Embora o deputado, autor do projeto, garanta que a intenção do PL foi boa - e parece, sim, ter sido bem intencionada -, a execução da proposta é, de fato, difícil.

É quase inexequível da forma como está. Isso porque não envolve o que mais é necessário: a segurança pública. Não à toa, os rodoviários já começaram a fazer essas ponderações. Alegam que a explosão do ‘surf’ e ‘amorcegamento’ por vândalos nos ônibus é um problema de polícia.
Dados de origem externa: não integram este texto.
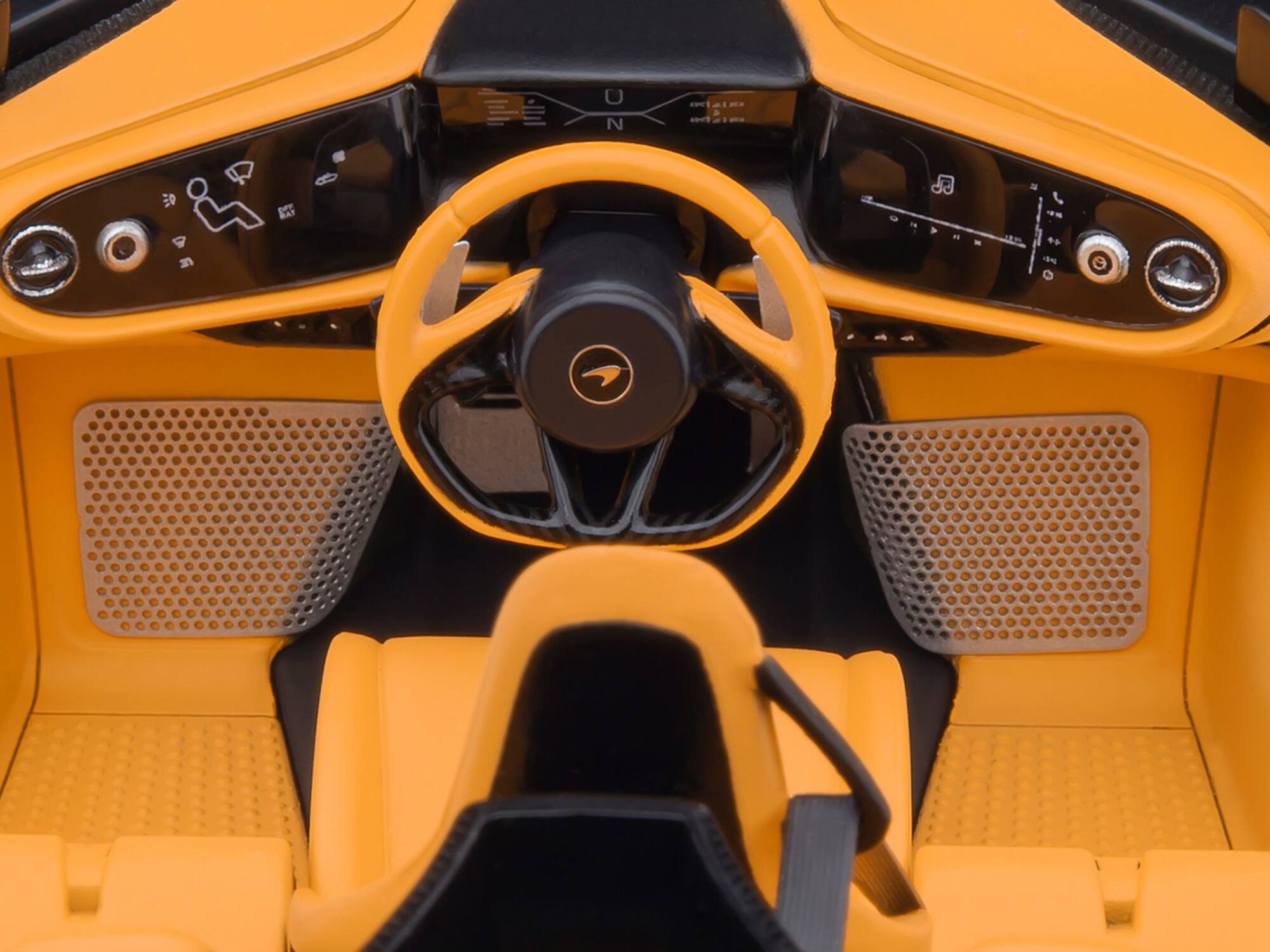 Alt View 5. Autoart - McLaren Speedtail Lantana Purple Met. w/Black Top and Yellow Interior and Suitcase Accessories 1/18 Model Car by Autoart.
E, não, de operadores - tanto motoristas como empresas - ou de passageiros.

E, ressabiados com as perdas históricas vivenciadas pela categoria e agravadas com a pandemia de covid-19, gritam que vai sobrar para o motorista de ônibus. Que a ‘boa intenção’ do PL aprovado em plenário pela Alepe vai representar pressão sobre o trabalhador. E vai mesmo.

Além do teor em si do PL, que de fato não é prático, é preciso considerar um componente político na discussão: as eleições internas do Sindicato dos Rodoviários de Pernambuco, que acontecerão em breve e está sendo alimentada por todo e qualquer tema que envolve a categoria. É tanto que um dos protestos foi realizado pela atual direção do sindicato e o segundo foi pela oposição.
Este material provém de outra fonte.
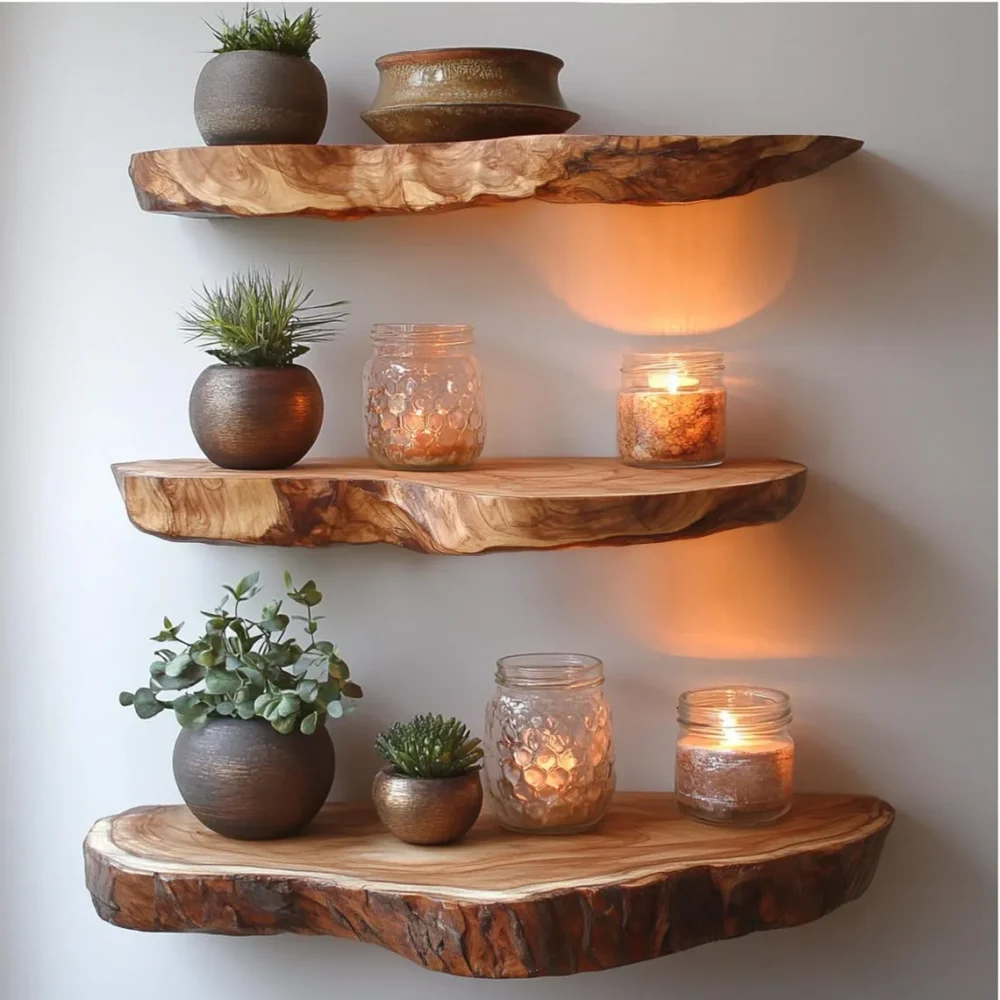 Rustic Live Edge Floating Shelf Display Wood - Image 3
RODOVIÁRIOS ALEGAM QUE MULTAS ÀS EMPRESAS VÃO GERAR PRESSÃO SOBRE CATEGORIA

Uma lei para coibir o ‘surf’ nos ônibus nós esperamos há muito tempo porque o motorista tem sido vítima desses vândalos há muito tempo, mas o deputado não teve o cuidado de proteger o motorista. Quando ele diz que o motorista tem que parar o ônibus e tirar o vândalo de cima, está colocando em risco a vida do profissional”, afirmou o rodoviário Josival Costa, secretário do Sindicato dos Rodoviários.

“O fato de o PL penalizar as empresas é outro problema porque elas irão para cima dos motoristas quando receberem multas. Irão transferir para os trabalhadores. haverá multas, suspensões e até demissões. E para não ser demitido, os motoristas vão ter que se submeter a essa situação de risco”, reforçou.